The Cult Of Free Love – “Love Is All There Is” b/w The Wrestler – “European Orange” 10″

The Cult Of Free Love - “Love Is All There Is” b/w The Wrestler - "European Orange" 10"

The Cult Of Free Love – “Love Is All There Is” b/w The Wrestler – “European Orange” 10″

Split-single releases are certainly no strangers to the sister label operations of The Great Pop Supplement, Deep Distance and Polytechnic Youth (all headed-up by the well-tuned ears of Dom Martin).  Besides allowing great pairings for likeminded souls (such as Karen Novotyn X and Samantha Glass on Deep Distance) and teacher/student couplings (such as the sublime Spacemen 3 and Wooden Shjips split on The Great Pop Supplement), shared side apiece vinyl offerings have also allowed the overlapping imprints to showcase new artists in mutually supportive contexts (as with the recent Mass Defect and Prism On lathe-cut single for Polytechnic Youth).  This latest Deep Distance slate follows the latter conjoining route.

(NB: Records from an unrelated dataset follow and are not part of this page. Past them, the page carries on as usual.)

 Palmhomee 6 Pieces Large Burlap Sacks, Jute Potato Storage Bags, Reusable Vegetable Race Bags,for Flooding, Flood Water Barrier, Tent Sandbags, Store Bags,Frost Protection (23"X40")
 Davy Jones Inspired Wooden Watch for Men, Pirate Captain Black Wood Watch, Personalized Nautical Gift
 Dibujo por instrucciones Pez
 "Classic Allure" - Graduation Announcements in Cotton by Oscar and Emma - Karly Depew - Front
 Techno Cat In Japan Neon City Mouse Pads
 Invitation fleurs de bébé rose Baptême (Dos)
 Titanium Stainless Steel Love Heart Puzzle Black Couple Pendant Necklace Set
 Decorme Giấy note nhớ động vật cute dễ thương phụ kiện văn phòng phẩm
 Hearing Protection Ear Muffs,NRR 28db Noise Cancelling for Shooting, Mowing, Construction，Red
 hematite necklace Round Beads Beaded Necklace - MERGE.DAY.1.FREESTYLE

Such newcomer-picking risk-taking reassuringly pays off with the A-side’s offering alone.  The first known physical appearance from a backstory-averse outfit known as The Cult Of Free Love (apparently from North Wales), the nine-minute “Love Is All There Is” ticks familiar but satisfying boxes across the whole ‘Great Distance Youth’ mini-empire.  Shrouded in mesmeric sitar-led dronescaping layers and hypnotic percussive beds, “Love Is All There Is” borrows more than a fair share from past GPS visitor High Wolf (to the point where in parts it could almost be a choice outtake from 2013’s masterful Kairos/Chronos LP) as well as the acid-folk explorations of MV & EE (repeat callers to GPS over the years).  Over on the flipside, “European Orange” from The Wrestler (another anonymity-seeking operation, supposedly from rural Sussex), ploughs a more de rigueur motorik furrow, driven by pulsing drums, multiple synth strata and Neu!-like guitar lines, that’s not too far from matching the entrancing delights of Rhododendron, whose epic Deep Distance 10 incher ensnared many of us earlier year.

Whilst this two-headed set doesn’t offer dramatically radical new sounds, it does capture two essays cut skilfully and confidently under the influence of well-chosen sources of inspiration.  In short, yet another quality one-off nugget from the shared-house of Deep Distance, The Great Pop Supplement and Polytechnic Youth.